In April 2020, it was reported that Secretary of State Mike Pompeo and Secretary of Defense Mark Esper had agreed to proceed with U.S. withdrawal from the Treaty on Open Skies. On 21 May 2020, President Trump announced that the United States would be withdrawing from the treaty due to alleged Russian violations.

On 22 May 2020, the United States submitted notice of withdrawal from the Treaty on Open Skies. Senate Democrats questioned the appropriateness of withdrawal so close to the 2020 United States presidential election.

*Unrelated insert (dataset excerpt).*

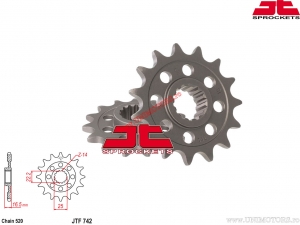 Pinion fata Ducati 1098 / 1198 / 749 / 848 / 916 / 996 / 998 / 999 / Sport 1000 / Supersport 1000 SS - JTF 742 - JT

On 22 November 2020, United States official sources—including U.S. Department of State websites, Secretary of State Mike Pompeo, and the National Security Council's official Twitter account—announced that the six-month period was over and the U.S. was no longer a party to the Treaty. The U.S. said it would share some of its intelligence and reconnaissance information with European allies to make up for any loss of critical information from the withdrawal.

=== Russian withdrawal ===
In January 2021, Russia announced that it would follow the United States in withdrawing from the Treaty on Open Skies. The Biden administration informed Moscow in May 2021 that it would not re-enter the pact; on 7 June 2021 Russian President Vladimir Putin signed a law that formalized Russia's exit from the Treaty on Open Skies.